Pressão de estúdio x raciocínio frio
Na conversa pós-resposta, o participante admitiu que, em casa, provavelmente teria checado mentalmente as potências de dez e acertado o desafio. Porém, diante da plateia, dos holofotes e do relógio correndo, a atenção vacilou. Esse choque entre a pressão do palco e o raciocínio frio de sofá costuma ser decisivo no “Quem Quer Ser um Milionário?”.
O apresentador destacou que a dúvida de Cremonesi é comum até entre estudantes de Exatas, justamente porque a magnitude astronômica exige olhar atento às ordens de grandeza. Não se trata de um mero detalhe numérico: estamos falando de seis casas decimais que separam o volume de um planeta do de uma estrela.
Mesmo após a eliminação, o engenheiro recebeu aplausos pela performance consistente. Dentro dos bastidores, membros da produção comentaram que poucos candidatos demonstram tamanha desenvoltura ao longo de toda a trilha de perguntas.
Ciência como estrela do horário nobre
A questão astronômica trouxe ao palco uma discussão pouco frequente nos domingos televisivos. Em vez de curiosidades pop, o público foi convidado a imaginar a dimensão real do Sol — informação que, de acordo com astrofísicos, costuma surpreender até quem tem interesse em ciências.
Segundo estudiosos consultados pelos roteiristas do programa, incluir perguntas que extrapolam o senso comum é uma maneira de estimular o debate em casa. No dia seguinte, redes sociais fervilharam com fãs tentando refazer o cálculo. Para portais como o Salão do Livro, que valorizam conhecimento e divulgação científica, o episódio virou pauta instantânea.
Lições para futuros competidores
A própria produção do “Domingão” admite que perguntas sobre astronomia, química ou física geram um alto índice de erros. O principal conselho para quem sonha em ocupar a poltrona quente é revisitar conceitos de volume, escalas logarítmicas e unidades de medida — tópicos que, longe da rotina escolar, tendem a se apagar da memória.
Outra dica crucial é treinar sob condições de estresse. Cronometrar respostas, simular ambiente barulhento e até pedir que amigos façam “plateia” improvisada podem ajudar o cérebro a manter a clareza quando o coração dispara.
Por fim, vale lembrar que lifelines como cartas, ligações ou eliminações de alternativas nem sempre resolvem impasses envolvendo cálculos aproximados. A bagagem de leituras e o domínio básico de ciências exatas continuam fazendo a diferença no jogo.
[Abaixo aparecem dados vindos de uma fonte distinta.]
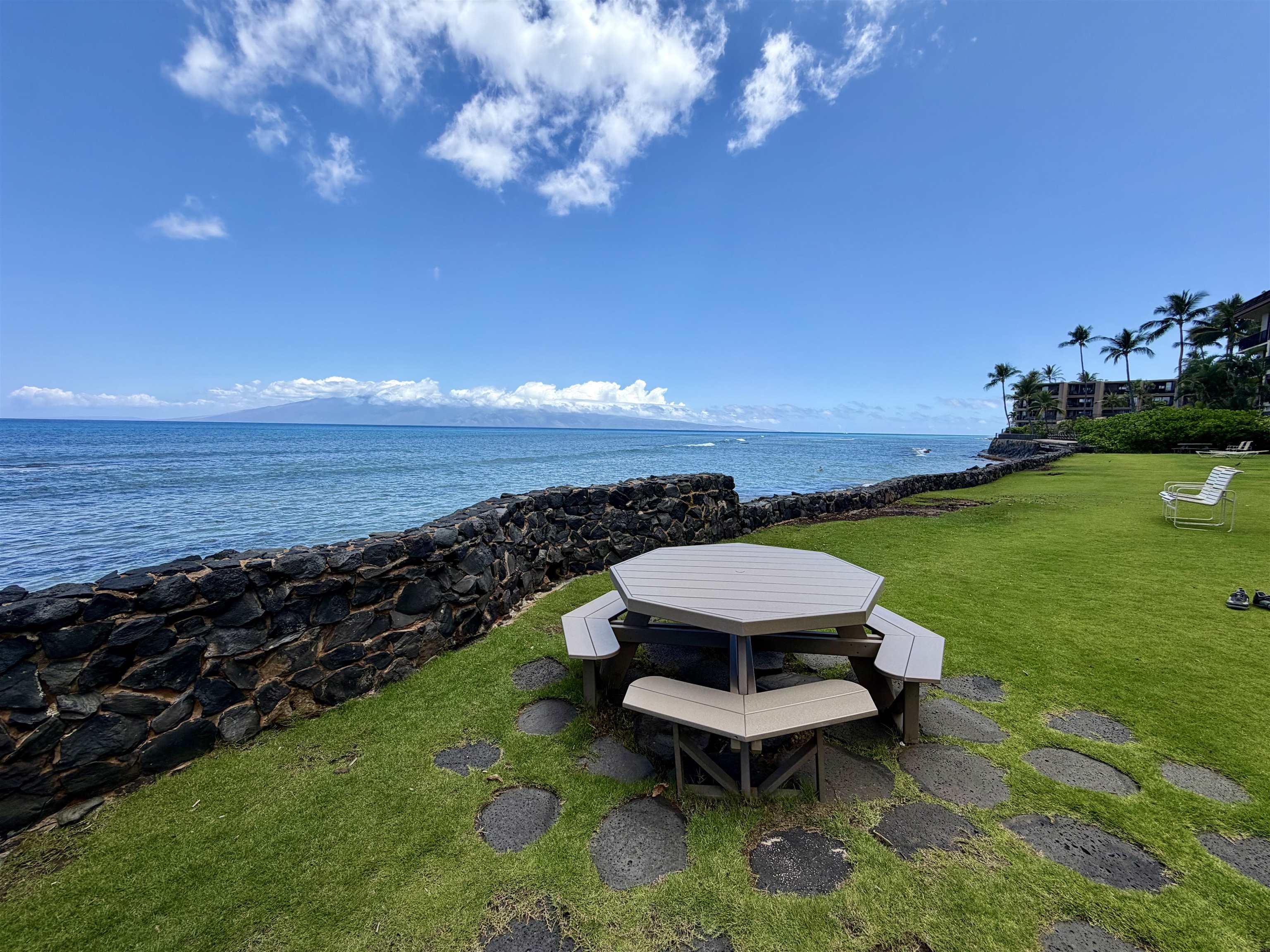 Kaleialoha condo # 401, Lahaina, Hawaii - photo 18 of 30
O que vem depois do tropeço
Apesar da queda, Leonardo Cremonesi virou referência para futuros participantes. Seus momentos de acerto ilustram vídeos motivacionais internos do programa, usados para mostrar que cada pergunta tem lógica, por mais capciosa que soe.
Fora da TV, o engenheiro volta ao cotidiano, agora com uma experiência singular e, segundo ele, “um baita argumento” para conversar em qualquer roda de bar. Afinal, quem mais pode dizer que quase levou R$ 1 milhão ao acertar uma sequência de provas culturais, históricas e científicas ao vivo?
No fim das contas, a noite reforçou um antigo ditado não escrito da televisão: às vezes, um milímetro — ou, no caso, 100 000 Terras — separa o espectador do milionário. E é justamente essa margem apertada que mantém o “Quem Quer Ser um Milionário?” na lista de programas mais comentados da TV aberta brasileira.